My office at 9am.  Lonely, empty, and waiting for me to wake up.

My office at 9am. Lonely, empty, and waiting for me to get in the right frame of mind. [Note @gapingvoid framed print in corner. Love him…er, it. Check him out on web or Twitter.]

I’m not a morning person.  Ok, that’s an understatement.  I hate mornings.  And I hate the word “hate.”  But it fits here.  I’ve spent 25+ years working for businesses for which the work day “start” time is 8am or 9am and leaving before 5pm is frowned upon.

But here’s the thing…I do crappy work (if any work at all) at 9am.  At 8am, I am a mere shell of a woman, a robot going through the motions.  I can’t form complete sentences.  In fact, when I was a meeting planner (many moons ago), I used to be told regularly on the phone in the mornings to speak up because people “couldn’t hear me.”  At the time, I thought that was due to a hardware problem, but I’ve since realized that a barely audible mumble is the best I can do in the morning.
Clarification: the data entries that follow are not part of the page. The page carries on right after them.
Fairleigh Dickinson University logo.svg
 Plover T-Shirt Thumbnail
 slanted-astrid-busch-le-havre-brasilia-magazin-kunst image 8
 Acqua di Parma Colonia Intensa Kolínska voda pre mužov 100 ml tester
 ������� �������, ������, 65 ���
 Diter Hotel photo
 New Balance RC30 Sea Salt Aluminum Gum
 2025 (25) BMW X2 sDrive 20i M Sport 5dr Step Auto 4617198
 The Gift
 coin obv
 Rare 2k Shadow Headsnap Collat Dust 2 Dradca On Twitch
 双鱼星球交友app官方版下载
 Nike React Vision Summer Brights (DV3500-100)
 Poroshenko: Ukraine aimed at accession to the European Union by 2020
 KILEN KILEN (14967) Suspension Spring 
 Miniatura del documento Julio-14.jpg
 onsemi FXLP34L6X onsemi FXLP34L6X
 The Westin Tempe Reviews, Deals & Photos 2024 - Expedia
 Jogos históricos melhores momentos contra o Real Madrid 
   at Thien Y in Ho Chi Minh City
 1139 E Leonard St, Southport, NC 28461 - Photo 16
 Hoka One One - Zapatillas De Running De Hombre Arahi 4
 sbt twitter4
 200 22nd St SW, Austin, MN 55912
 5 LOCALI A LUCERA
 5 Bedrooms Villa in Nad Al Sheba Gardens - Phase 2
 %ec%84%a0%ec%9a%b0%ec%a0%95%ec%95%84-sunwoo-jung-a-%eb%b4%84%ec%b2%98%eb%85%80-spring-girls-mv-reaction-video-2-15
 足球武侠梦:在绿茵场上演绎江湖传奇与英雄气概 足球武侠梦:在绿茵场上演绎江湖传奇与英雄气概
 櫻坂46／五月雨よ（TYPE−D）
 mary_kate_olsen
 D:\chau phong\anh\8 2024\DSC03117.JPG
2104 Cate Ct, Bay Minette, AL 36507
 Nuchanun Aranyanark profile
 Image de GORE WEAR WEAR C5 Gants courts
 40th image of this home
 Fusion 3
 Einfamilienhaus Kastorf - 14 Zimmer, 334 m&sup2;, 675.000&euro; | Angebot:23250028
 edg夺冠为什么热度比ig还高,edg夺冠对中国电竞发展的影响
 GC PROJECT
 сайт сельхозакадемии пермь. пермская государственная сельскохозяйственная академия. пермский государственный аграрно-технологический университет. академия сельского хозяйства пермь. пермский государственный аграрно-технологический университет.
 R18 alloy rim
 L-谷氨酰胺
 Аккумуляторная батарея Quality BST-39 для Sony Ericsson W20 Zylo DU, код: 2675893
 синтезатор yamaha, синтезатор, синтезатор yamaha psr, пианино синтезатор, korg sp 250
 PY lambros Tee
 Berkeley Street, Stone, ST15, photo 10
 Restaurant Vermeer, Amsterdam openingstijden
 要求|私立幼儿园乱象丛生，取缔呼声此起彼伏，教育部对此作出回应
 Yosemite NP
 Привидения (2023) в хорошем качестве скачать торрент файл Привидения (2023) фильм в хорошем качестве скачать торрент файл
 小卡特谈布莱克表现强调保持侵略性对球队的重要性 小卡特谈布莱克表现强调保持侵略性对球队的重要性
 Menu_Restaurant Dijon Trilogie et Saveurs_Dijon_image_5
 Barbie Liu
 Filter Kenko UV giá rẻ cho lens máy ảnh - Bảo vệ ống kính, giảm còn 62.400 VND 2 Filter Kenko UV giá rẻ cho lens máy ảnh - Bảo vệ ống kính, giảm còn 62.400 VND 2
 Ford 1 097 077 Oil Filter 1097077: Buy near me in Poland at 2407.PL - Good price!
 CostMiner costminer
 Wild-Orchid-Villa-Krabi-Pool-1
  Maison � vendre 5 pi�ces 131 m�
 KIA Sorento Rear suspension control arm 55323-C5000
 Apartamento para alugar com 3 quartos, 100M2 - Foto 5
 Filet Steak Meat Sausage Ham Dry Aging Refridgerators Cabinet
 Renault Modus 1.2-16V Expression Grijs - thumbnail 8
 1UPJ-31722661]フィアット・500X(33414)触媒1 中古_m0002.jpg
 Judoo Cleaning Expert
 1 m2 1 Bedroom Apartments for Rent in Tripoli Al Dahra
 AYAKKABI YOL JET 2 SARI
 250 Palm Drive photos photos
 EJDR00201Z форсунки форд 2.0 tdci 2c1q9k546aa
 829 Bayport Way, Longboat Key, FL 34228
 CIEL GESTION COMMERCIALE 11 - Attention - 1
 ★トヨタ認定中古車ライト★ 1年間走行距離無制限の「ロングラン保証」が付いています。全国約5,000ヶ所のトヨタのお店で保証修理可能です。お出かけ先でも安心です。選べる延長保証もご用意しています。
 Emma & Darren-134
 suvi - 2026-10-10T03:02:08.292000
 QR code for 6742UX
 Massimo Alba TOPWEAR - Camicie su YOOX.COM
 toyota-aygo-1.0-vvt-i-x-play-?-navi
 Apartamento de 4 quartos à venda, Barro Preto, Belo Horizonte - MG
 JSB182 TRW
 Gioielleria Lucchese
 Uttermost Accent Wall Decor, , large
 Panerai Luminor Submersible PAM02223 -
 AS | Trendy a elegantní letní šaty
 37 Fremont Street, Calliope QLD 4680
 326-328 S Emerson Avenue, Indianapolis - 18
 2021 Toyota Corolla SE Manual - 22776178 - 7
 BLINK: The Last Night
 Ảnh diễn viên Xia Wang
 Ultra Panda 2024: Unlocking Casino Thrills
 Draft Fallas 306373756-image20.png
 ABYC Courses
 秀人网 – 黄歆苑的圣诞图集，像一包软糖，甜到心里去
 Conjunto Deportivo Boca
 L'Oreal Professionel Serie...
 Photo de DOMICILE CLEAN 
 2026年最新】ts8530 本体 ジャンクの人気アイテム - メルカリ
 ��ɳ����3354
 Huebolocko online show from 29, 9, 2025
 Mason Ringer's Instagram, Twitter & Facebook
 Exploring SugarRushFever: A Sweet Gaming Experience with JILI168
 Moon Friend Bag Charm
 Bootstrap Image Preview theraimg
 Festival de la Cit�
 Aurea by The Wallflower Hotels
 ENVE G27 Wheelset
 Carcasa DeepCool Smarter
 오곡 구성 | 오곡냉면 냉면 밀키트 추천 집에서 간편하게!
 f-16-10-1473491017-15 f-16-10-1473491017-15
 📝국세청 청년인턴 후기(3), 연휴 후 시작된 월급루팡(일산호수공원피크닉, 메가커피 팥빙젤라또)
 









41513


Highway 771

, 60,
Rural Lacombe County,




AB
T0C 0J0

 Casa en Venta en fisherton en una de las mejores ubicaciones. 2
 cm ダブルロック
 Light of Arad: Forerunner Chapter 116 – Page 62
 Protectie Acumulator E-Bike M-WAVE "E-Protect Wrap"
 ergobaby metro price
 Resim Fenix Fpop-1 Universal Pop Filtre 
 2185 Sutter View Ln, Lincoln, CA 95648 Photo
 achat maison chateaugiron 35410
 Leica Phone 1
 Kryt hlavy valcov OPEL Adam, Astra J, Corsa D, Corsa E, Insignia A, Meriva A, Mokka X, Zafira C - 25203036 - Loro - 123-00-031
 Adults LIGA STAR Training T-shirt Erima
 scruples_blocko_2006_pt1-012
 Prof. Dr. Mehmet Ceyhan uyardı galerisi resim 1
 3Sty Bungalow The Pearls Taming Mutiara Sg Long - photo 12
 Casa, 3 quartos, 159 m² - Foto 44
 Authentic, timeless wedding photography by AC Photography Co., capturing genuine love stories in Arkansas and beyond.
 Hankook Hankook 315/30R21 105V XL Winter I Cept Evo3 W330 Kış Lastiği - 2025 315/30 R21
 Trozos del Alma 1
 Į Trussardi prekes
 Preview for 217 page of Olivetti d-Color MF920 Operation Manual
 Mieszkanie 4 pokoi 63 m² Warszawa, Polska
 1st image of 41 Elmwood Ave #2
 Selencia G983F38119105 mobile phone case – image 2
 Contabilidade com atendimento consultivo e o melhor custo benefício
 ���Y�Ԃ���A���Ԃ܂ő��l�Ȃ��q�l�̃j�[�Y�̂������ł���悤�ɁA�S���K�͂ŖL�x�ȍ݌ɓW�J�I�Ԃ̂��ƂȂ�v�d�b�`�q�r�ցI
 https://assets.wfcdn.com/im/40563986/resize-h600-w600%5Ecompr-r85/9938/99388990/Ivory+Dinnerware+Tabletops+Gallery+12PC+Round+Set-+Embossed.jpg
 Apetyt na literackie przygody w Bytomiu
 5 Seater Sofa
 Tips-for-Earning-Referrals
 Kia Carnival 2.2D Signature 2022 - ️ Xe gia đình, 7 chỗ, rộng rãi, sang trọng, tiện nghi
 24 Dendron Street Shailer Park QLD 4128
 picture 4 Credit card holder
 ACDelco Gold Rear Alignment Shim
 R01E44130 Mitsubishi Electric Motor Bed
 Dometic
Recently my husband, The Genius, said casually to me, “Why do you even sit down at your desk before lunch time?” Um, because I’m supposed to.  Hello?  Social norms and all that.  That’s when it hit me (because it was late afternoon)–I don’t care about social norms!  And the older I get, the less I care about them.  Why DO I sit down at my desk at 9am?  It’s been well-established (and is a frequent subject of discussion between my husband and I) that my “prime time” for work is 2:00-6:00pm.  It’s a subject of discussion because my husband’s “prime time” is 8am-12pm guy.  He’d start work at 7am (shudder) if we could get the Mole Boy ready for preschool in time.  But I’m not much help with that in the morning.

His comment stemmed from reading this blog post “The Origin of the 8 Hour Work Day and Why We Should Rethink it.”  Brilliant.

So I’m experimenting with not bothering to sit down at my desk before 10am…and 11am might be more like it.  And stopping work at 6pm or so.  2:00-6:00pm is my “prime time.”   The time I get into my groove, focus, and can be productive without effort. What’s yours?

And do you do work (or have a j-o-b) that accommodates your prime time?  If not, maybe you need to make a change (or become an entrepreneur).  Life’s too short to watch a clock.

Carpe Prime Time!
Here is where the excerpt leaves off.